[[ Stored data, beginning ]]

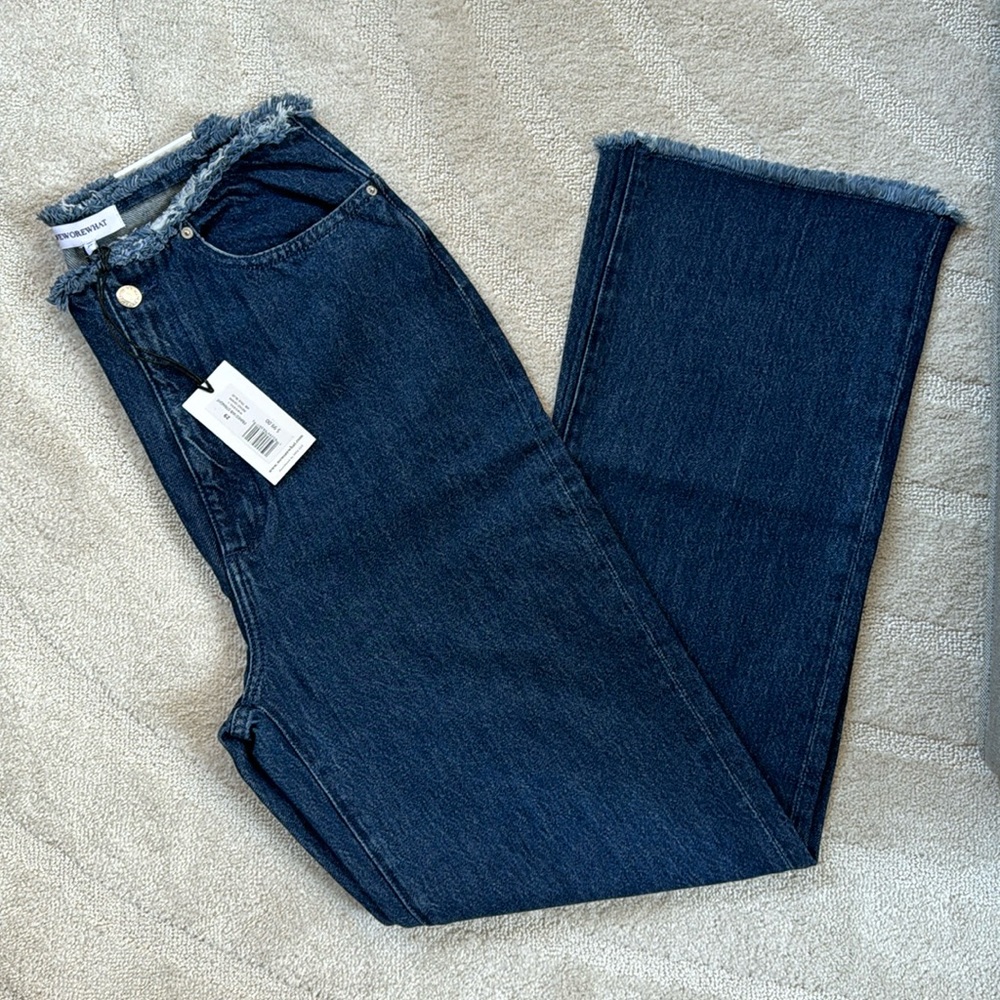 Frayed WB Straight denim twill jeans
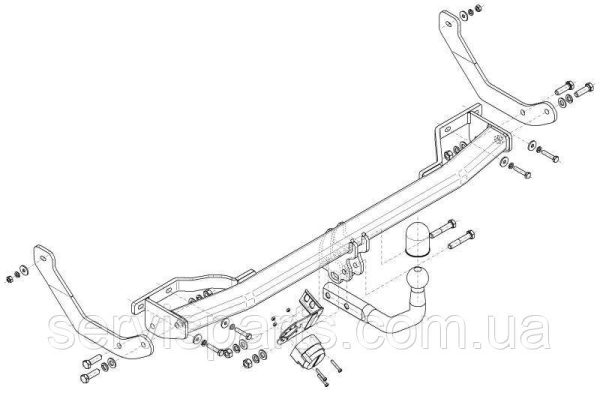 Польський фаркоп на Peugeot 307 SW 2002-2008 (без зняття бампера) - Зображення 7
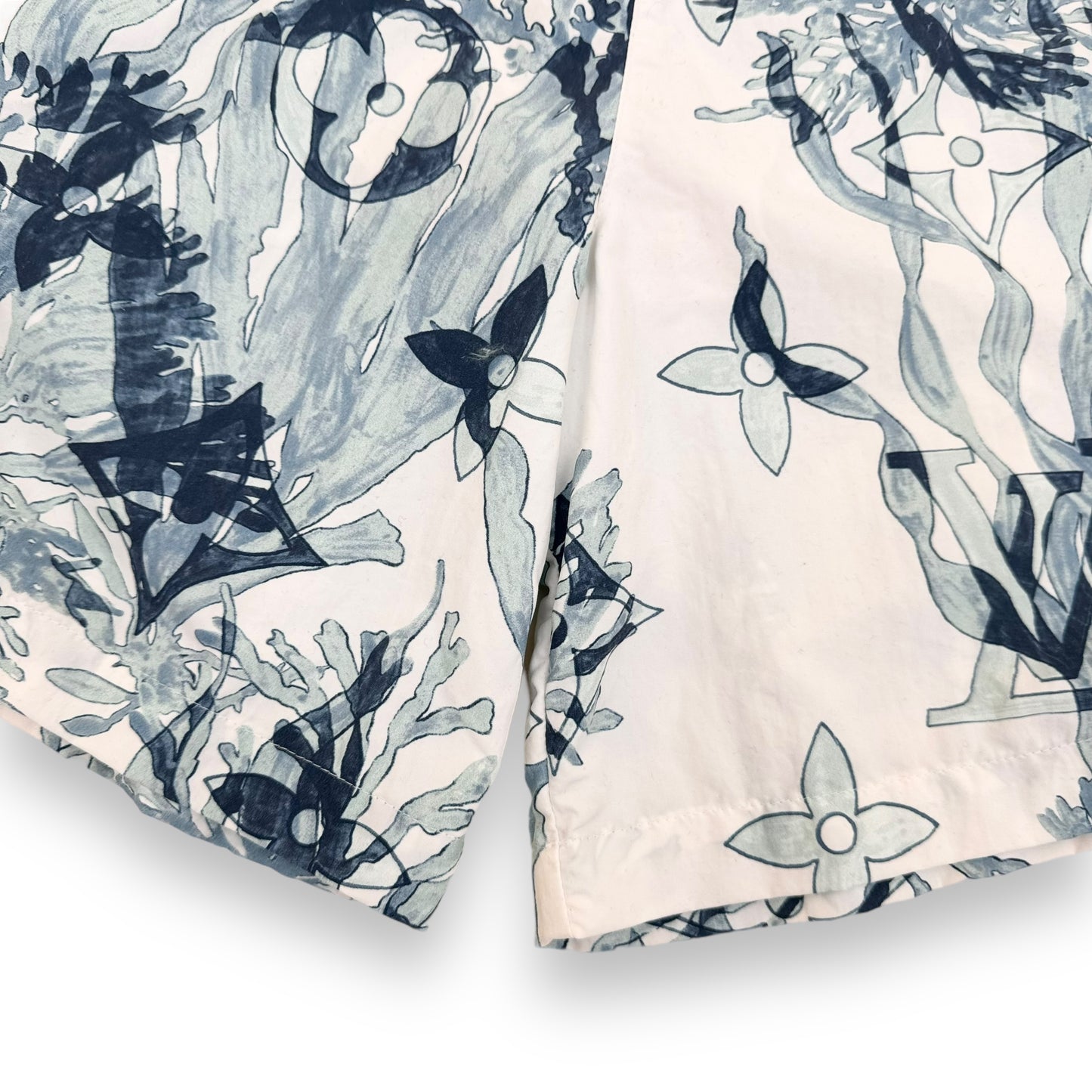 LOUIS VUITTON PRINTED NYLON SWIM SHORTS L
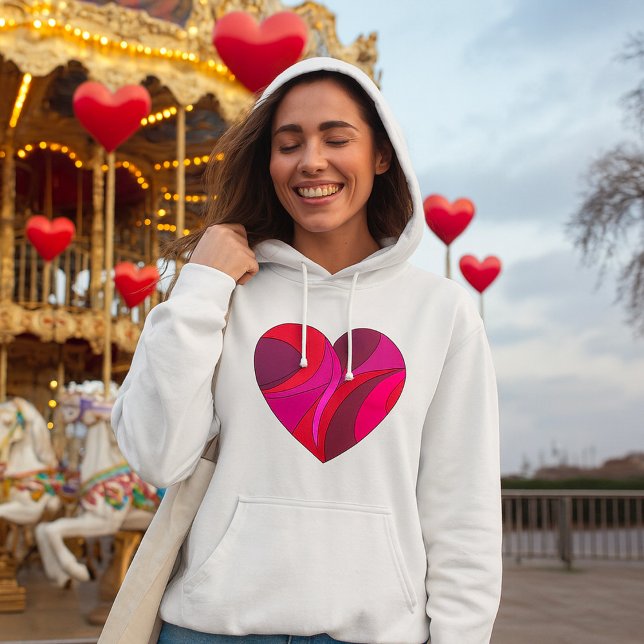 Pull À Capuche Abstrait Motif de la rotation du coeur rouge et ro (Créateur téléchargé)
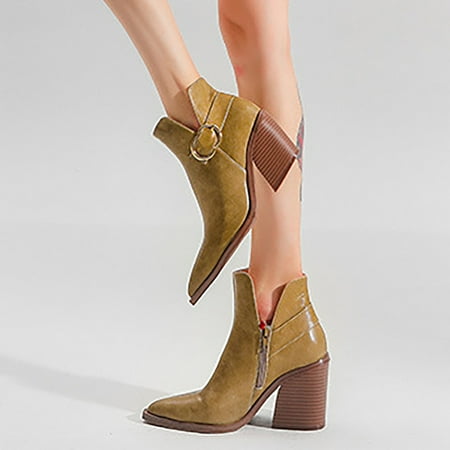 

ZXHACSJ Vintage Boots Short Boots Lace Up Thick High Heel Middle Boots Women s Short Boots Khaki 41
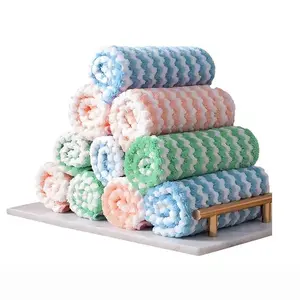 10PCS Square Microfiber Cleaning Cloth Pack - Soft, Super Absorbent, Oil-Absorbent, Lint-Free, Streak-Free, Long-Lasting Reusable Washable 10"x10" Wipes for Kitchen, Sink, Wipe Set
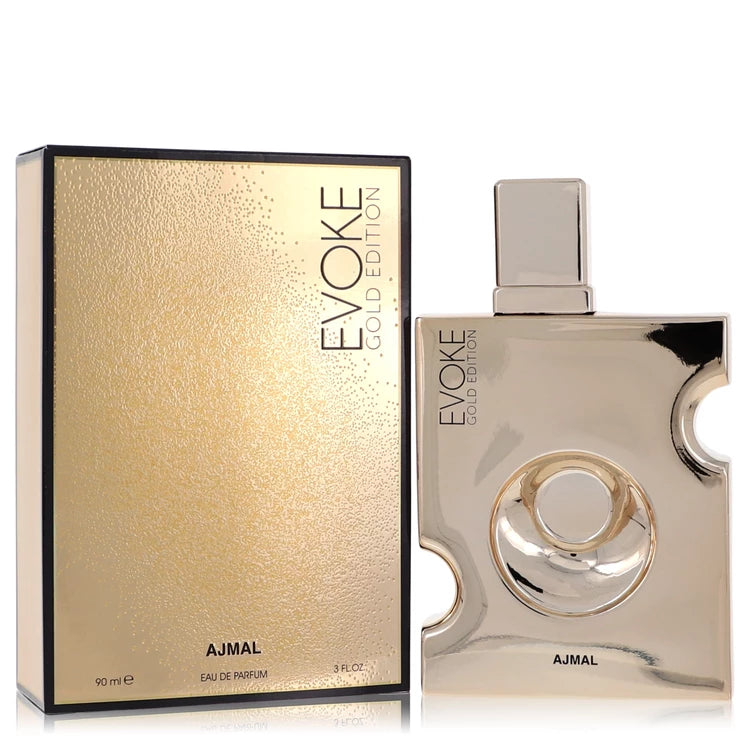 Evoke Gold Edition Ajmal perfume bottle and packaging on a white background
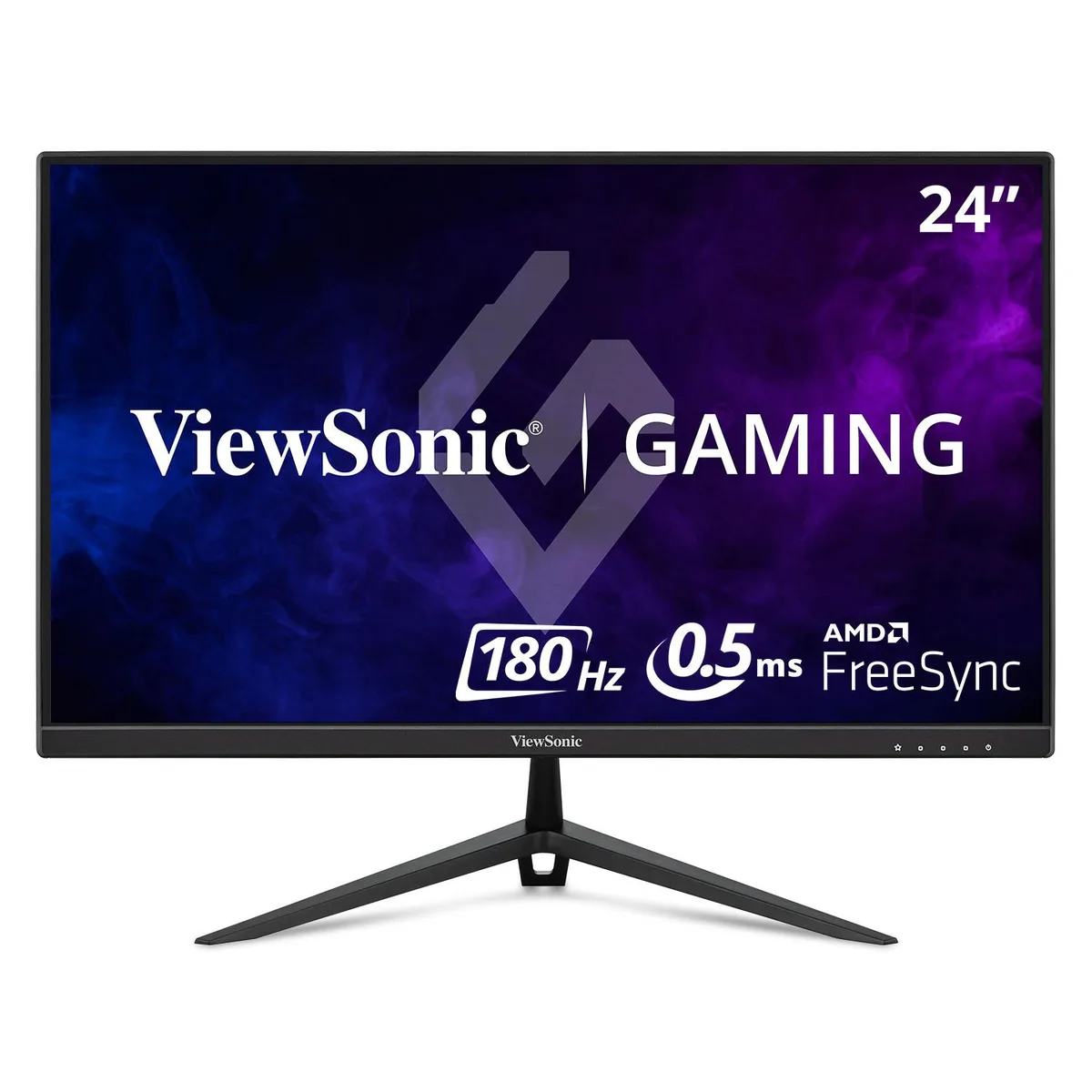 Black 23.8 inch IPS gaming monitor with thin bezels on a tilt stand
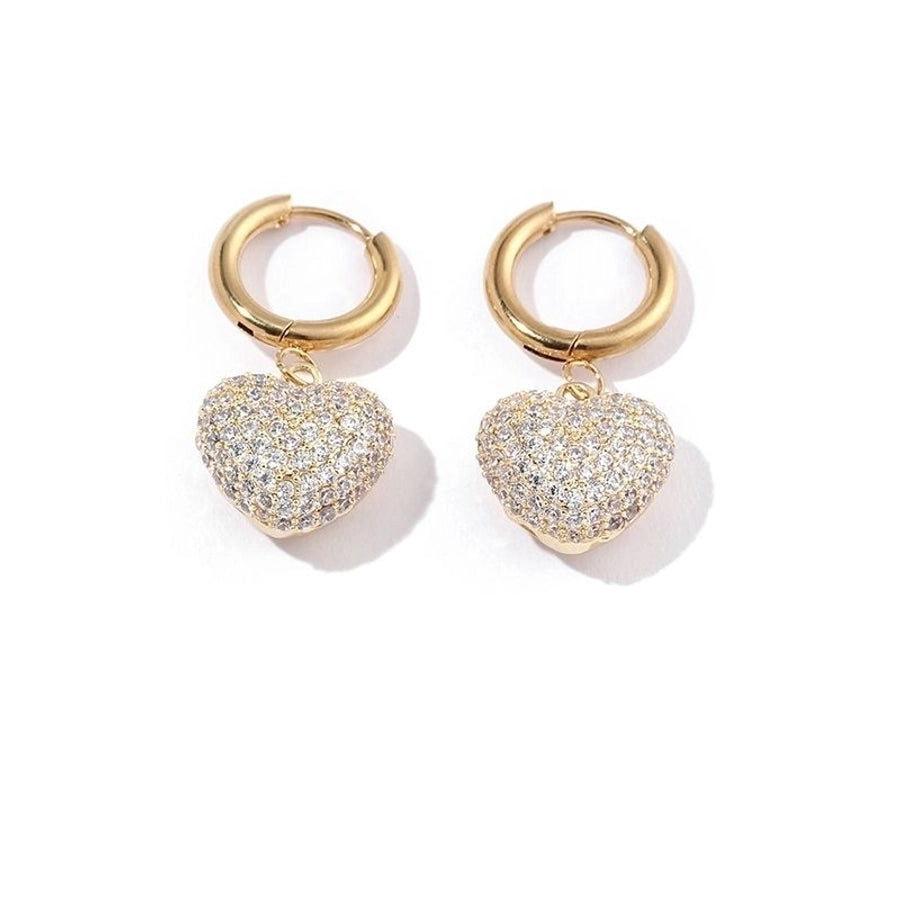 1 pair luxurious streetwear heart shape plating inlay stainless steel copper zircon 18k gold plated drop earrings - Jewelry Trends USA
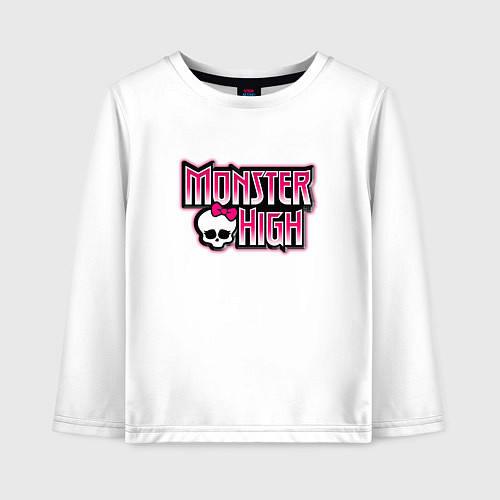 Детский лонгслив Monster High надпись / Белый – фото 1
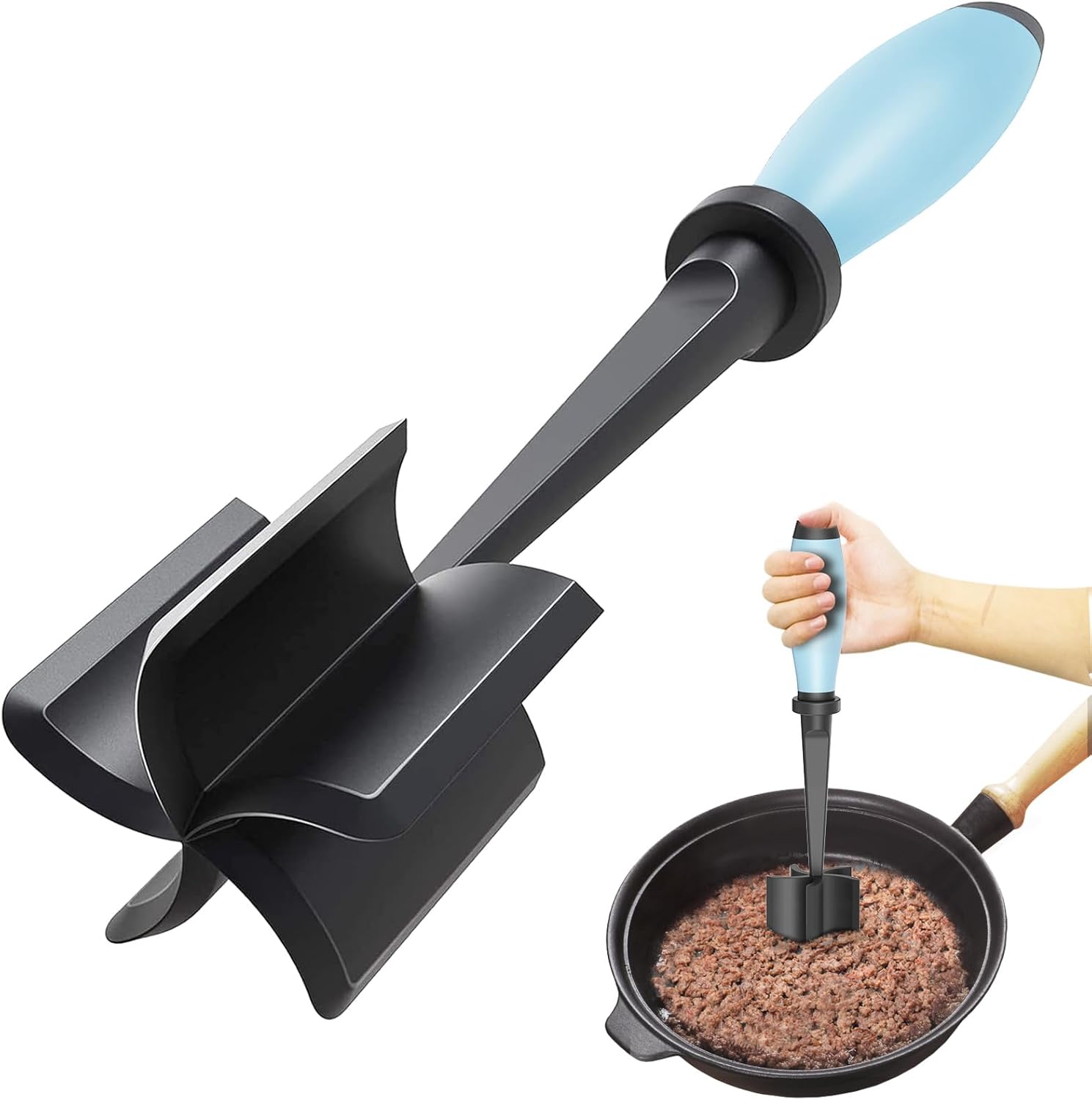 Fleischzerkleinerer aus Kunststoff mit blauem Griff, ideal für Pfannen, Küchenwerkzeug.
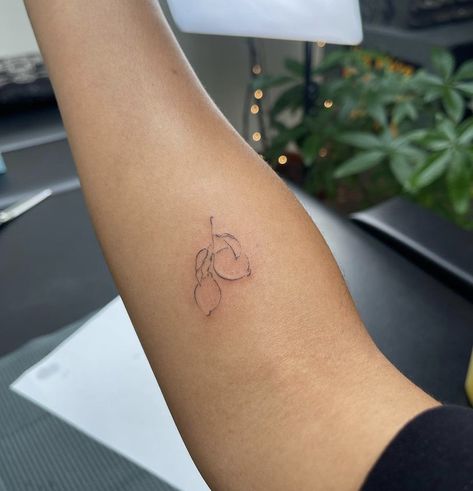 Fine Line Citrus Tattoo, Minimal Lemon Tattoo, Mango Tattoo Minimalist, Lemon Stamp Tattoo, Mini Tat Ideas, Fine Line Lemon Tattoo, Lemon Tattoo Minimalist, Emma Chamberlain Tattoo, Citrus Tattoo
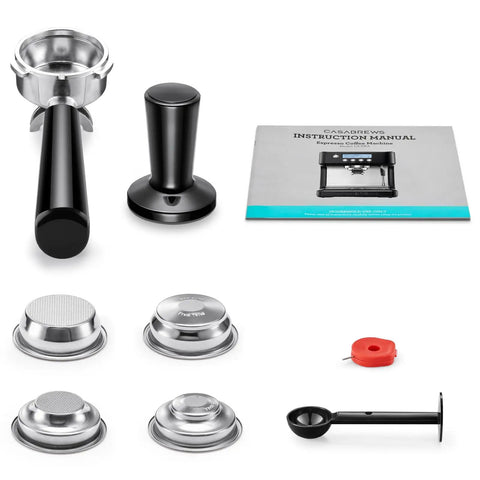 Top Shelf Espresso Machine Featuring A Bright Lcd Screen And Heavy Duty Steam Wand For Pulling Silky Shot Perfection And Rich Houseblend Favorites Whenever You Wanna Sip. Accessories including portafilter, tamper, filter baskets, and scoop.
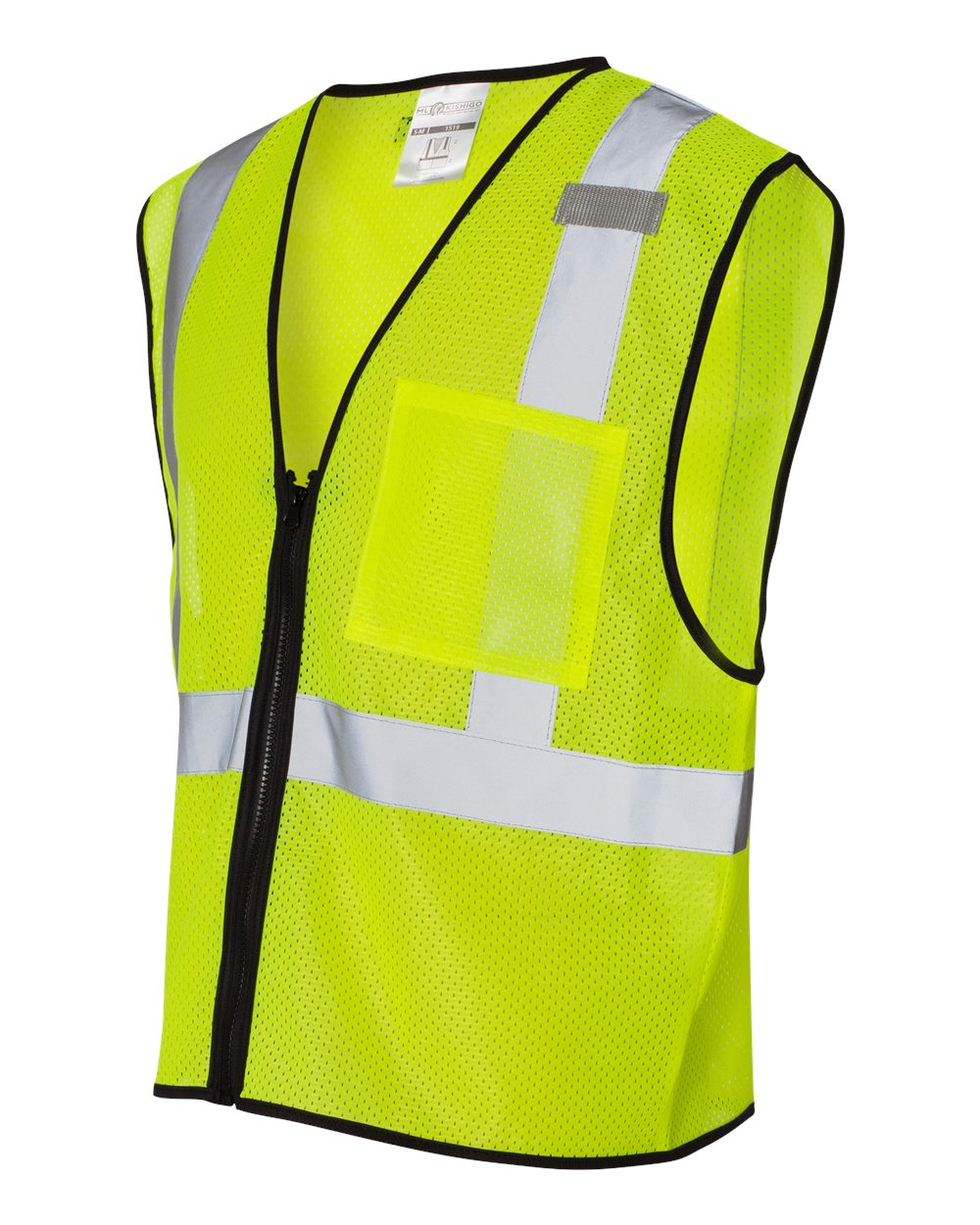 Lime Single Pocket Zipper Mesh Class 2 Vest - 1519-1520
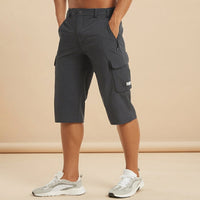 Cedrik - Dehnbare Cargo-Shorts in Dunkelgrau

[[ Stored data, end ]]

→ **What you should do**
Starting at the line that holds "Fine Line Citrus", copy each line exactly through the end of the material above, keeping both ends and dropping the pictures.

→ **Final answer**
 Fine Line Citrus Tattoo, Minimal Lemon Tattoo, Mango Tattoo Minimalist, Lemon Stamp Tattoo, Mini Tat Ideas, Fine Line Lemon Tattoo, Lemon Tattoo Minimalist, Emma Chamberlain Tattoo, Citrus Tattoo
 Top Shelf Espresso Machine Featuring A Bright Lcd Screen And Heavy Duty Steam Wand For Pulling Silky Shot Perfection And Rich Houseblend Favorites Whenever You Wanna Sip. Accessories including portafilter, tamper, filter baskets, and scoop.
 Lime Single Pocket Zipper Mesh Class 2 Vest - 1519-1520
 Cedrik - Dehnbare Cargo-Shorts in Dunkelgrau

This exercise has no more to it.